Bounds on quantum nonlocality via partial transposition

TL;DR

This paper establishes bounds linking quantum nonlocality violations to state distinguishability, providing insights into the limitations of certain quantum states in device-independent quantum information tasks.

Contribution

It introduces bounds connecting Bell inequality violations with state discrimination measures and extends these bounds to asymptotic scenarios involving partial transposition.

Findings

Bell violation bounds are related to state distinguishability.

For PPT states, the asymptotic nonlocality is bounded by the relative entropy of entanglement.

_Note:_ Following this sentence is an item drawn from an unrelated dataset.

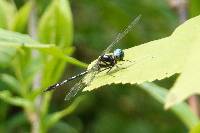 Macrothemis hemichlora image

Limits are identified for the use of private key states in device-independent scenarios.

Abstract

We explore the link between two concepts: the level of violation of a Bell inequality by a quantum state and discrimination between two states by means of restricted classes of operations, such as local operations and classical communication (LOCC) and separable ones. For any bipartite Bell inequality, we show that its value on a given quantum state cannot exceed the classical bound by more than the maximal quantum violation shrunk by a factor related to distinguishability of this state from the separable set by means of some restricted class of operations. We then consider the general scenarios where the parties are allowed to perform a local pre-processing of many copies of the state before the Bell test (asymptotic and hidden-nonlocality scenarios). We define the asymptotic relative entropy of nonlocality and, for PPT states, we bound this quantity by the relative entropy of entanglement of the partially transposed state. The bounds are strong enough to limit the use of certain states containing private key in the device-independent scenario.